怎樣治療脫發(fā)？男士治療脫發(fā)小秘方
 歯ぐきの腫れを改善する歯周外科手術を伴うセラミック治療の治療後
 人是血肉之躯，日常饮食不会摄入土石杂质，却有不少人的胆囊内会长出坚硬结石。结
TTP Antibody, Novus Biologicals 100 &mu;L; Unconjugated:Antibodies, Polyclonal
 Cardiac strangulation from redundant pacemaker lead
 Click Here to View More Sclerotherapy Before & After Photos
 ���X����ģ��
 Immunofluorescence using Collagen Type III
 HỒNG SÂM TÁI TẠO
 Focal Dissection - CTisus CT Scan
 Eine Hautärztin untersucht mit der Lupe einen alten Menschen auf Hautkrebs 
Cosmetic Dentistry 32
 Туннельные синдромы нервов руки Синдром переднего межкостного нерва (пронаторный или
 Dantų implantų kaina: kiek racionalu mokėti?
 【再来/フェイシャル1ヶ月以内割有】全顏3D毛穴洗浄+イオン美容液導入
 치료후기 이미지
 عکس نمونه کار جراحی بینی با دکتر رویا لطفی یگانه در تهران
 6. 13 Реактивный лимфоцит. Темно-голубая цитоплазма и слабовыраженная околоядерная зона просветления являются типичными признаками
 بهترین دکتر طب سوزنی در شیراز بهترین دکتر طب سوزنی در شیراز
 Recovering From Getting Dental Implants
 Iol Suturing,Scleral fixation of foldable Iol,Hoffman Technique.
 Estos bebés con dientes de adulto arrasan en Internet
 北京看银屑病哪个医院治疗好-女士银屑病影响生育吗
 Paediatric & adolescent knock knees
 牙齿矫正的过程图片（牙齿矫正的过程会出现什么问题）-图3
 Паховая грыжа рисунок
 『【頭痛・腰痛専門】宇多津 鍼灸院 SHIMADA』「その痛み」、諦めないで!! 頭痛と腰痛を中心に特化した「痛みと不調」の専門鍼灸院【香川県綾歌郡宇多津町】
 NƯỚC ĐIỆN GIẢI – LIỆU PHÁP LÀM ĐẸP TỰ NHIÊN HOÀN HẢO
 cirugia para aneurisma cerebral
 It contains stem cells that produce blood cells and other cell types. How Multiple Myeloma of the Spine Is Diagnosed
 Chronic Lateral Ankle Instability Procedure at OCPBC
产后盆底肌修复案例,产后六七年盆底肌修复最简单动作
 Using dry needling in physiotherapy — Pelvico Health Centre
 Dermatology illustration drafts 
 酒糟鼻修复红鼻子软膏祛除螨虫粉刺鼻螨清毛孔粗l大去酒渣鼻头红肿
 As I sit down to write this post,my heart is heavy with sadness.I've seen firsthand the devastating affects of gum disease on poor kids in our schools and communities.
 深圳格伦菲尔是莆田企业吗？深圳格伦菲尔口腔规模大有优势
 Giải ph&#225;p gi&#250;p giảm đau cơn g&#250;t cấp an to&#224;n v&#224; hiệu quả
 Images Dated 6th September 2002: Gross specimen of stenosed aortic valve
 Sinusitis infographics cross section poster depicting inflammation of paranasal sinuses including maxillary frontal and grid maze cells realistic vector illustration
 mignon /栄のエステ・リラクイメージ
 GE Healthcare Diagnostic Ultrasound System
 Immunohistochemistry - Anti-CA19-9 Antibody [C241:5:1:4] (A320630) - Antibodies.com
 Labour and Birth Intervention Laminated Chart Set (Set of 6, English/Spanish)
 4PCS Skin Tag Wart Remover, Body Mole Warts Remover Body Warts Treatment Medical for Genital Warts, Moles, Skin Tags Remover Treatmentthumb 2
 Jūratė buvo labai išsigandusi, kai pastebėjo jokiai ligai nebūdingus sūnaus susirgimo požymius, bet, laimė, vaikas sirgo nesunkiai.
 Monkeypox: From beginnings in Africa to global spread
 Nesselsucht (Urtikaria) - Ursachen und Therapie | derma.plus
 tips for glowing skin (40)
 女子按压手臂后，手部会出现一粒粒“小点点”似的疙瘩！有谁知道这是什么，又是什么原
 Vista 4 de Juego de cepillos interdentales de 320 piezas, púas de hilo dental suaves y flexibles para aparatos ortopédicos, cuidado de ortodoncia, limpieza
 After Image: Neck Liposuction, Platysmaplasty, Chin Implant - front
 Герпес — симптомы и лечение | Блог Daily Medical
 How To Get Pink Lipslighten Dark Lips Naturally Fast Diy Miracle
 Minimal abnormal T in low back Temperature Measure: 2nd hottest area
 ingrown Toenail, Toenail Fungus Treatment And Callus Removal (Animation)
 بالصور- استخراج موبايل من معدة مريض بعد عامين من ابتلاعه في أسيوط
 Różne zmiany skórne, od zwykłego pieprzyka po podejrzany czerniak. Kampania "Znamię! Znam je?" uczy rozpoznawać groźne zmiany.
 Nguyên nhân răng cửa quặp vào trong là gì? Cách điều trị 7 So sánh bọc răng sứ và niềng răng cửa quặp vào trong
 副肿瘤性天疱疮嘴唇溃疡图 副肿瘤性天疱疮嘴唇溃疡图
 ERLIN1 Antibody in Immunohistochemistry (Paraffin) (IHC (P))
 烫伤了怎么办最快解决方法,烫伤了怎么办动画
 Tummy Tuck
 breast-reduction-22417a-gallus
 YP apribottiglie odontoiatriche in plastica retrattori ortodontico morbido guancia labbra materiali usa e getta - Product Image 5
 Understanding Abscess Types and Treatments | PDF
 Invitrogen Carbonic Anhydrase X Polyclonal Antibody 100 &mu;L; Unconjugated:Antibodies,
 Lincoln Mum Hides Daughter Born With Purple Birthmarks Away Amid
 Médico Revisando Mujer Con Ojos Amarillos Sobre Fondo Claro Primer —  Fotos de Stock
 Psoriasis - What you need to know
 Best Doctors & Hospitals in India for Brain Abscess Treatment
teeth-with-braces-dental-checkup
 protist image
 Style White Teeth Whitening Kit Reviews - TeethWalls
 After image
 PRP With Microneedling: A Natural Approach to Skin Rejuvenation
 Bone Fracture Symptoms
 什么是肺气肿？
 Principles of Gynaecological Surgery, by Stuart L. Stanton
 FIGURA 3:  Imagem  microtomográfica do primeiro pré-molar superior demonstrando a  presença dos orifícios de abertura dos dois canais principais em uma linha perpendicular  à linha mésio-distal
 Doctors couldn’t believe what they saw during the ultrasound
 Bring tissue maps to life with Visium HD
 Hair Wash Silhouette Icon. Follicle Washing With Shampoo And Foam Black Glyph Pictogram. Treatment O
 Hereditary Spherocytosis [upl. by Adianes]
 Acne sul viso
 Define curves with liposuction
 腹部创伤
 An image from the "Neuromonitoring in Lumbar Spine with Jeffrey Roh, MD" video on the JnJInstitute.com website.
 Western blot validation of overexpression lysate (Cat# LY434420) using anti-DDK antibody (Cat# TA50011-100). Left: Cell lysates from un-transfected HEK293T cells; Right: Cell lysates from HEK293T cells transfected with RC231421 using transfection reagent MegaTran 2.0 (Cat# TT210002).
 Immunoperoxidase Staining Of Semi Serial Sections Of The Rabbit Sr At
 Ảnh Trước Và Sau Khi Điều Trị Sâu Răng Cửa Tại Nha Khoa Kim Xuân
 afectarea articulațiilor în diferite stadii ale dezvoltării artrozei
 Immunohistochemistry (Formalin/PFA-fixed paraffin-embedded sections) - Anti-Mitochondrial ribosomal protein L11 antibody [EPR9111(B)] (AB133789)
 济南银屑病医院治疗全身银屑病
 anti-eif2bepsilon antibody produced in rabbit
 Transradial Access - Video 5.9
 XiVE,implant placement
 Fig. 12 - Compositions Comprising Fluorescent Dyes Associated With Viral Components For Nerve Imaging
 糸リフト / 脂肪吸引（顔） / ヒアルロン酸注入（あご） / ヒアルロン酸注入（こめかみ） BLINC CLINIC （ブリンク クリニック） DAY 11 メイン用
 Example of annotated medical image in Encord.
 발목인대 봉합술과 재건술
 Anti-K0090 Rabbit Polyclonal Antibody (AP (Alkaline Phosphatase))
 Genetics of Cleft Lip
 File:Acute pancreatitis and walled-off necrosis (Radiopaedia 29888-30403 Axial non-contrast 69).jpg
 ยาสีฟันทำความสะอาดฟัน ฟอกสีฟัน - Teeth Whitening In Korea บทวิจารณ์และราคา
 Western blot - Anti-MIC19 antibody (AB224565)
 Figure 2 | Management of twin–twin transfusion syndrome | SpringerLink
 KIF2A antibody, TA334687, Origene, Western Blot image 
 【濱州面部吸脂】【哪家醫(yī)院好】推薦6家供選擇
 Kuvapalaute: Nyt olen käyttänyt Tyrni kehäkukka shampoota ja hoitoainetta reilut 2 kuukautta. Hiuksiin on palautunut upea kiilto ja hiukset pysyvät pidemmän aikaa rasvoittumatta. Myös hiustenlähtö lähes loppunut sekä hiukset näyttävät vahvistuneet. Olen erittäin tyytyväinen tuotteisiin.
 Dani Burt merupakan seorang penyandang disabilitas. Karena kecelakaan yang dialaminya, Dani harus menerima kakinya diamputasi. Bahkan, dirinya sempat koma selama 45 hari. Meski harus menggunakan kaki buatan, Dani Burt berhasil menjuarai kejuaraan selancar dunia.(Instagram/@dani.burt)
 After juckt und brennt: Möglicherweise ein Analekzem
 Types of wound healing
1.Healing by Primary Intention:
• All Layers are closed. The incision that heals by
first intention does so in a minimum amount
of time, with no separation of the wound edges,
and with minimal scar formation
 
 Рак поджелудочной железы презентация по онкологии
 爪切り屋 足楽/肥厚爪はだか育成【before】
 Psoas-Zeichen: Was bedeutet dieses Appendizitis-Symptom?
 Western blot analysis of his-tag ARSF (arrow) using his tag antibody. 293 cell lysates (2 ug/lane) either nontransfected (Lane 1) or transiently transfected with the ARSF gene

================================

[REQUIRED WORK]:
Copy the stretch of the records above that runs from the line with "Różne zmiany skórne, od" through the line with "Médico Revisando Mujer". Both end lines belong in the copy, and nothing else does.

[ANSWER SECTION]:
 Różne zmiany skórne, od zwykłego pieprzyka po podejrzany czerniak. Kampania "Znamię! Znam je?" uczy rozpoznawać groźne zmiany.
 Nguyên nhân răng cửa quặp vào trong là gì? Cách điều trị 7 So sánh bọc răng sứ và niềng răng cửa quặp vào trong
 副肿瘤性天疱疮嘴唇溃疡图 副肿瘤性天疱疮嘴唇溃疡图
 ERLIN1 Antibody in Immunohistochemistry (Paraffin) (IHC (P))
 烫伤了怎么办最快解决方法,烫伤了怎么办动画
 Tummy Tuck
 breast-reduction-22417a-gallus
 YP apribottiglie odontoiatriche in plastica retrattori ortodontico morbido guancia labbra materiali usa e getta - Product Image 5
 Understanding Abscess Types and Treatments | PDF
 Invitrogen Carbonic Anhydrase X Polyclonal Antibody 100 &mu;L; Unconjugated:Antibodies,
 Lincoln Mum Hides Daughter Born With Purple Birthmarks Away Amid
 Médico Revisando Mujer Con Ojos Amarillos Sobre Fondo Claro Primer —  Fotos de Stock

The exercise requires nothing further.